All lines from the one containing "Time continued to" through the final line of the records below should be reproduced exactly, with the pictures left out.

=== Begin Enclosure ===

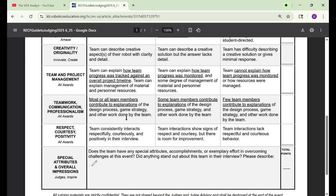Next is teamwork, communication, and professionalism — this can grant you all awards. Most or all team members should contribute to explanations for the design process, game strategy, and other work done by the team. You can't have one person talk about everything while others just say their names in 10 seconds. You need to spread out the talking among your team members, and this can be done really easily by planning out what you're going to say beforehand, so you can make sure everyone gets a good chance to speak.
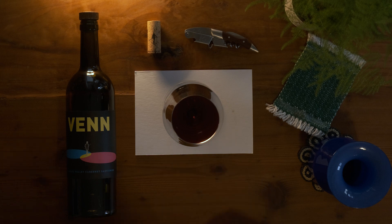The 2019 iteration is about 86% Cabernet Sauvignon, about 10% Cab Franc, and a little touch of 4% Malbec.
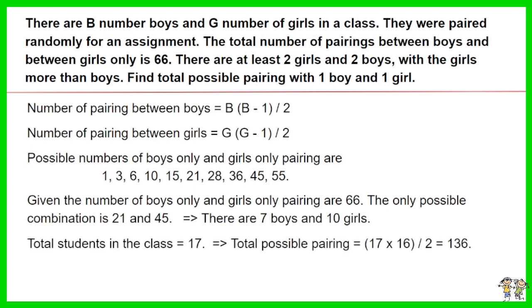Total students in the class equals 17. Thus the total possible pairings equals 17 times 16, then divided by 2, which equals 136. Total pairings with 1 boy and 1 girl equals 136 minus the 66 boys-only or girls-only pairings. The answer is 70.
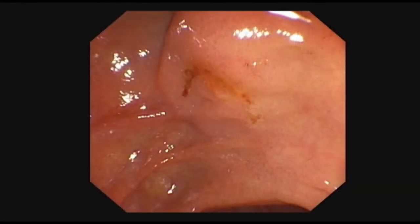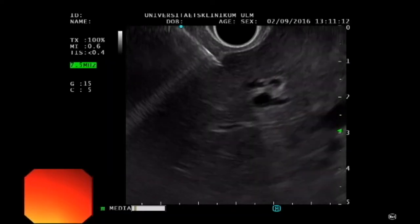Following papillotomy, a large amount of blood was released across the papula. The bleeding was self-limiting. To achieve the urgently needed bile duct relief, an endosonographic access route was now chosen.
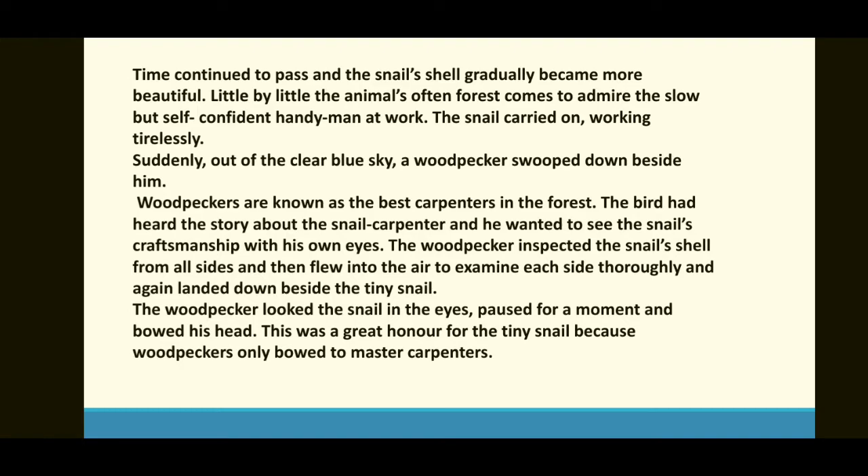Time continued to pass — وقت چلتا رہا — and the snail's shell gradually became more beautiful. Gradually کا مطلب ہوتا ہے آہستہ آہستہ۔ Little by little — تھوڑا تھوڑا — the animals of the forest would often come to admire the slow but self-confident handyman.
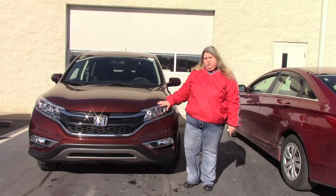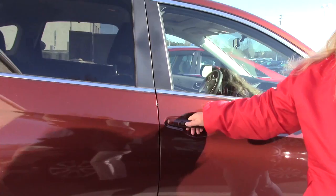Hi, my name's Anna Ferguson, here to welcome you to the Hubert Vester Honda Experience. I have for you today a 2016 Honda CR-V EX model, two-wheel drive.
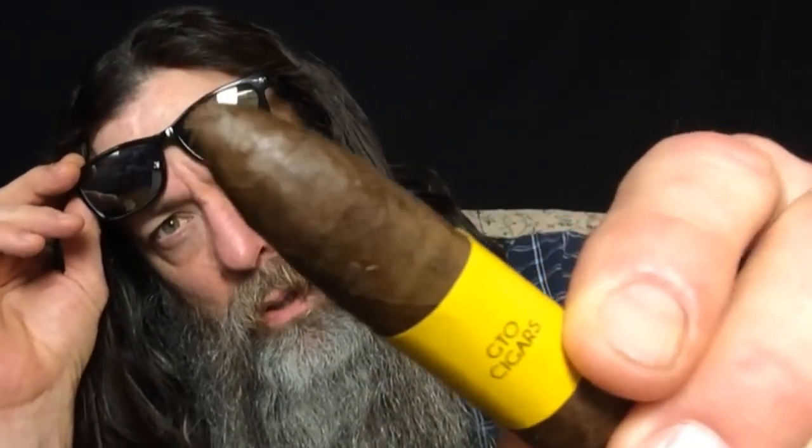I'm gonna have a Hypnotic by GTO Cigars. I have a torpedo — very well-constructed cigar. I think there's like two end caps on there. Hypnotic, tapered end, light hay, barn, kind of mild tobacco fragrance.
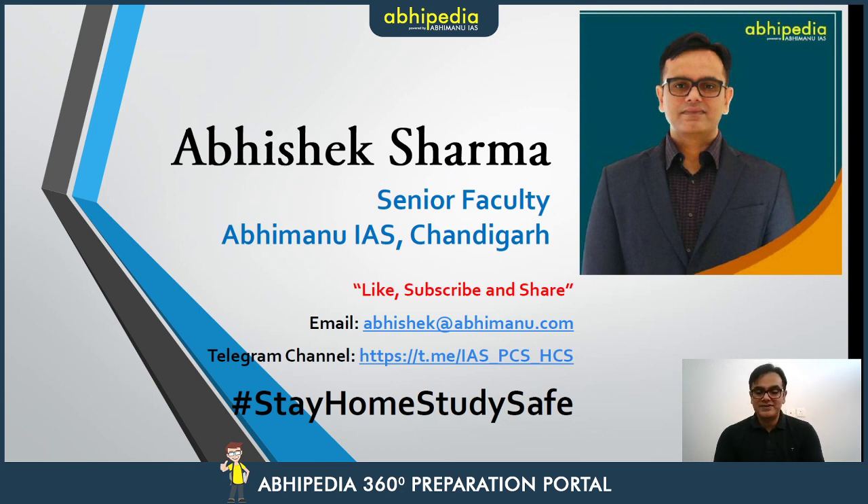Thank you so much. This is Abhishek Sharma signing off for today. Stay home, study safe, and make sure that you get ahead of your competition curve with Abhipedia. All the best.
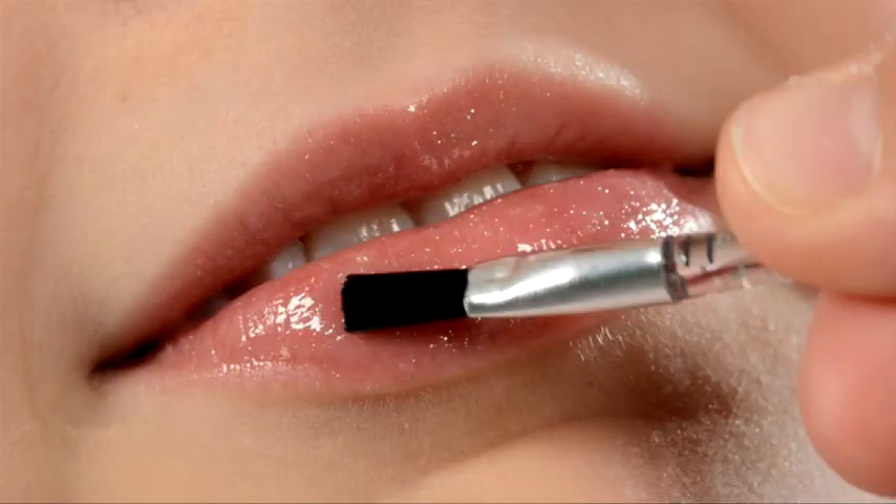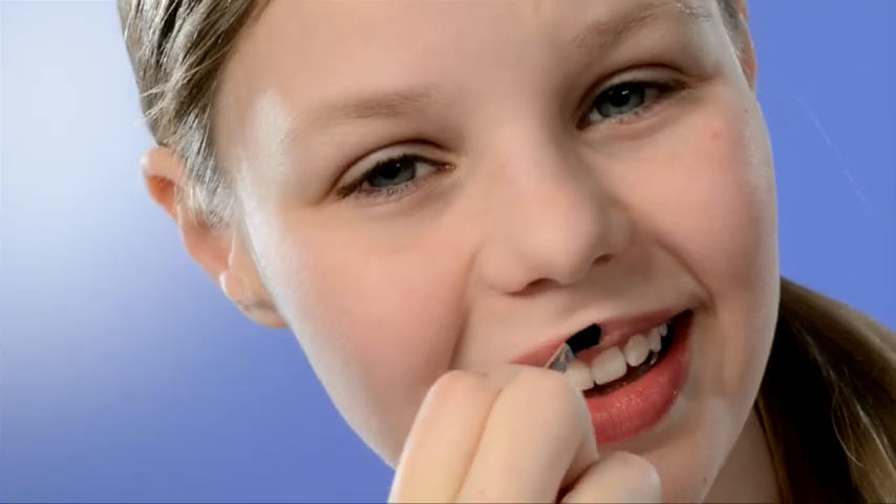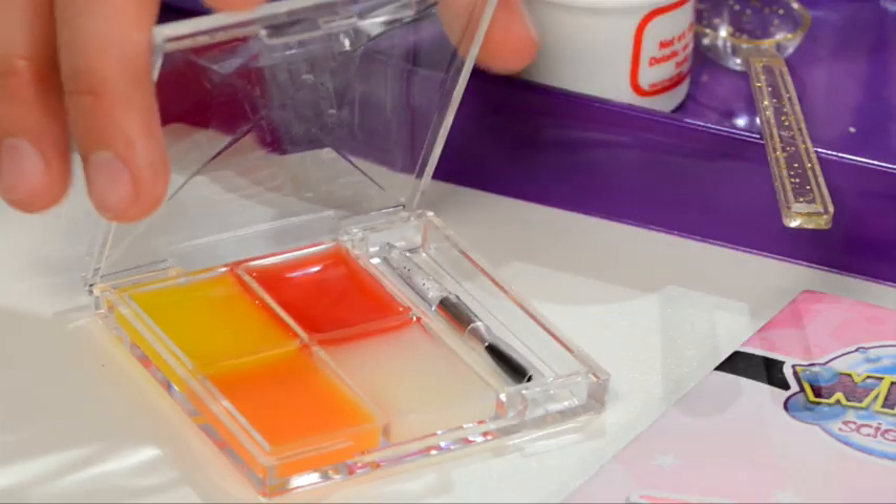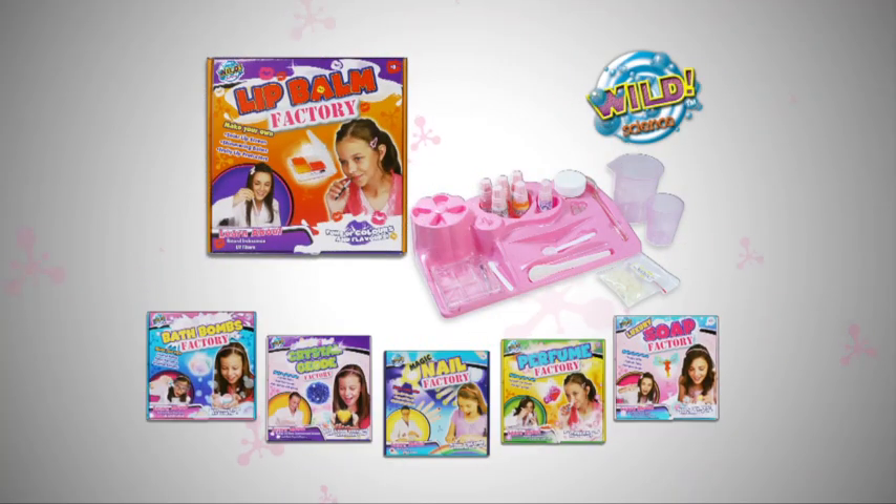Mix in a luscious shimmer for extra effect. Or make a balm to help block the dazzling sun. So simple to make and fun to do and always at the ready whenever you want. The Lip Smackingly Good Lip Balm Lab from Wild Science.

=== End Enclosure ===

§ OUTPUT OF THE TASK:
Time continued to pass — وقت چلتا رہا — and the snail's shell gradually became more beautiful. Gradually کا مطلب ہوتا ہے آہستہ آہستہ۔ Little by little — تھوڑا تھوڑا — the animals of the forest would often come to admire the slow but self-confident handyman.
Hi, my name's Anna Ferguson, here to welcome you to the Hubert Vester Honda Experience. I have for you today a 2016 Honda CR-V EX model, two-wheel drive.
I'm gonna have a Hypnotic by GTO Cigars. I have a torpedo — very well-constructed cigar. I think there's like two end caps on there. Hypnotic, tapered end, light hay, barn, kind of mild tobacco fragrance.
Thank you so much. This is Abhishek Sharma signing off for today. Stay home, study safe, and make sure that you get ahead of your competition curve with Abhipedia. All the best.
Mix in a luscious shimmer for extra effect. Or make a balm to help block the dazzling sun. So simple to make and fun to do and always at the ready whenever you want. The Lip Smackingly Good Lip Balm Lab from Wild Science.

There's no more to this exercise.